[Opening Listed entries section]

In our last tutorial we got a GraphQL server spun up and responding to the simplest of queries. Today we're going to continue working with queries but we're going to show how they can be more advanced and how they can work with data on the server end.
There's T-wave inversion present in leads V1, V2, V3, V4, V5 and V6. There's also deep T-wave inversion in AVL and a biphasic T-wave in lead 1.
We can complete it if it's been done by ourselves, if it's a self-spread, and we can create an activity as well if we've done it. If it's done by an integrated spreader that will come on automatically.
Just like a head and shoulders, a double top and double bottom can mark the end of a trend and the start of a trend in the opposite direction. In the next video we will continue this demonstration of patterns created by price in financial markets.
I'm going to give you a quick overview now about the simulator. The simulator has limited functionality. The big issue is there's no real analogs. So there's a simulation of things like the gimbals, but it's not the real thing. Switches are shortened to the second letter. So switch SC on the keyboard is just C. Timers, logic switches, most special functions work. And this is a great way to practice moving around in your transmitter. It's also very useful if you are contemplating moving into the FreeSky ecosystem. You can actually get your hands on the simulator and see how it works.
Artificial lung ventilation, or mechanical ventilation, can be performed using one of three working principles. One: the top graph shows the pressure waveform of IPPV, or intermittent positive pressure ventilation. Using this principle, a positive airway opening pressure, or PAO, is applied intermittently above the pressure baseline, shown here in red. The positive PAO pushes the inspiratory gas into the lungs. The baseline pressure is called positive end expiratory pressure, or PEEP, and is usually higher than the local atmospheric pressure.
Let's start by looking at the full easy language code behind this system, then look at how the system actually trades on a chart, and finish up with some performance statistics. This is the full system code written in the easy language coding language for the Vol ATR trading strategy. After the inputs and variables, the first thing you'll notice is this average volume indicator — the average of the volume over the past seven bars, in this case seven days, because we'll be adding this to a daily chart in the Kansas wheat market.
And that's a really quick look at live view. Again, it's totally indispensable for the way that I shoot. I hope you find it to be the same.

[Closing Listed entries section]

Instructions to follow: Up to and including the line with "There's T-wave inversion", output each line of the entries above exactly, starting from the first.

Solution to this problem:
In our last tutorial we got a GraphQL server spun up and responding to the simplest of queries. Today we're going to continue working with queries but we're going to show how they can be more advanced and how they can work with data on the server end.
There's T-wave inversion present in leads V1, V2, V3, V4, V5 and V6. There's also deep T-wave inversion in AVL and a biphasic T-wave in lead 1.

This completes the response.